How to enable BitLocker device encryption on Windows 8 RT

Summary

This document describes the workflow to enable BitLocker device encryption on the local hard disk of a Windows Surface computer that is running Windows 8 RT. 

The document makes the following points:
  • Logons by guest accounts, local administrator accounts, or Microsoft accounts that are members of the guest group do not trigger BitLocker encryption of the local hard disk. 
  • The first logon by a Microsoft account that is a member of the local computer's Administrators security group triggers BitLocker encryption of the local hard disk. A restart is required to complete the feature configuration. 
  • The BitLocker recovery password is put on the OneDrive share of the administrator-enabled Microsoft account that triggered the encryption. That recovery key is not visible on the OneDrive share when the share is viewed by using a web browser or a OneDrive viewing application.
  • Windows Explorer displays a padlock next to local drives that are BitLocker encrypted. 
  • BitLocker recovery keys may be obtained from the following website through an email message, a telephone call, or a text message: 

More Information

Note The sizes of dialog boxes and other UI elements that are depicted in this article were changed. Changes include the placement of text in a dialog box and the size/aspect ratio. 

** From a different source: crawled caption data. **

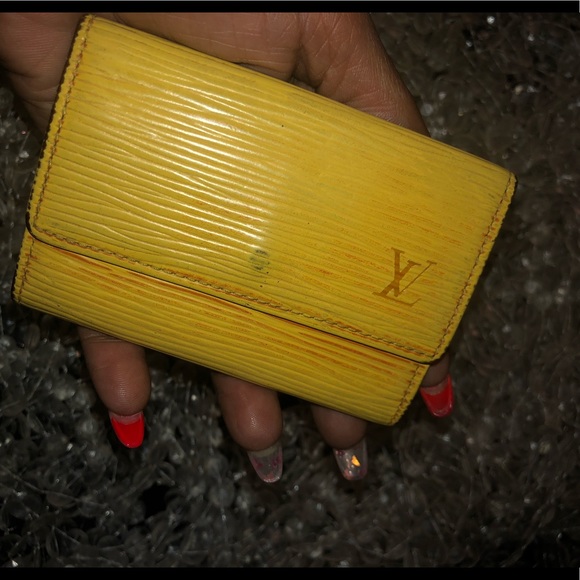 SOLD!!!!  Louis Vuitton Yellow Epi Leather 6 key holder - Picture 8 of 8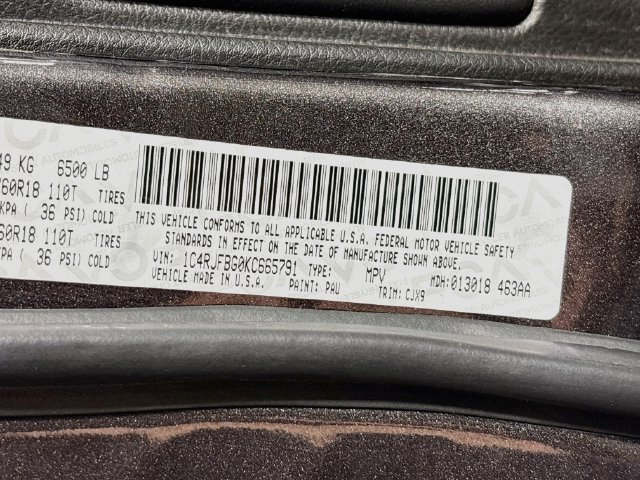 Used 2019 Jeep Grand Cherokee Limited AWD/4WD image 30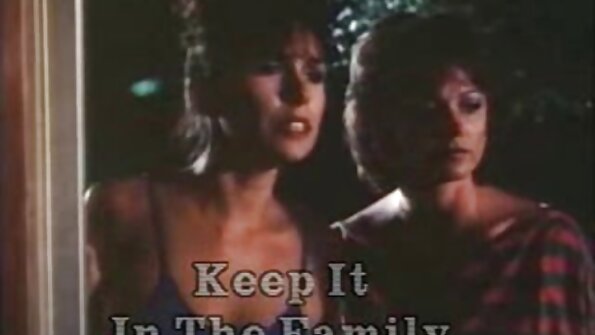 ब्यूटिफुल चिक होती हे जा रहा है बंधा होना और गड़बड़ सेक्सी मूवी एचडी द्वारा उसकी बॉयफ्रेंड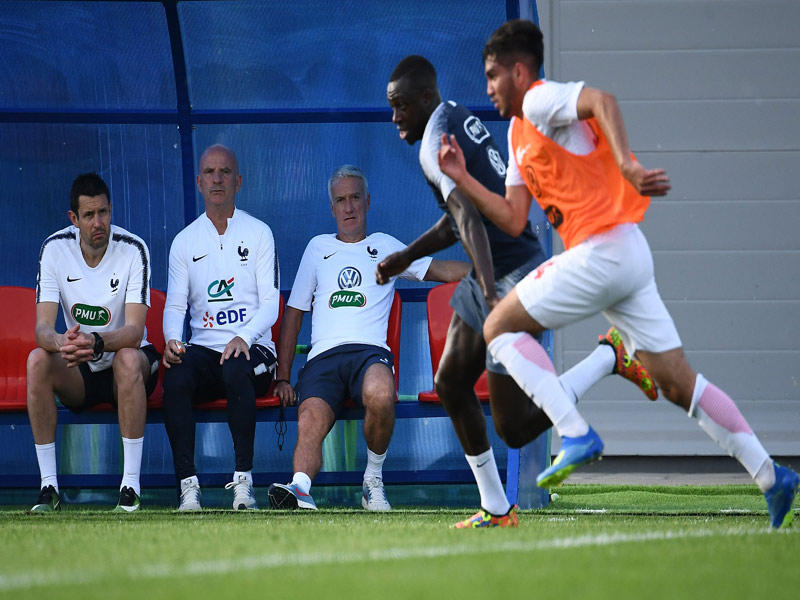 ديشان خلال تدريبات فرنسا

To see how the BitLocker device encryption workflow works, follow these steps:
  1. On a new Windows 8 RT-based system, create a Guest account, and then long on by using that account. 
  2. Check the BitLocker status in Control Panel. The Guest user cannot invoke BitLocker encryption.



  3. Create a Microsoft account, and then associate that account with the Guest account that you created in step 1.

  4. Log off.  
  5. Log on by using the Microsoft account that you created in step 3. Notice that the BitLocker add-in reports that the drive is not protected. 
  6. Restart the computer, and then log on again by using the Microsoft account that you created in step 3. Notice that the BitLocker protection status remains unchanged. 

    The net result is that logons that were made by using Microsoft accounts that are members of the Guest group do not trigger BitLocker encryption of the hard disk. 
  7. Create a new local account that is a member of the local computer's Administrators security group. Notice that the BitLocker add-in reports that the drive is not protected. 
  8. Restart the computer. Again, notice that the BitLocker add-in reports that the drive is not protected. 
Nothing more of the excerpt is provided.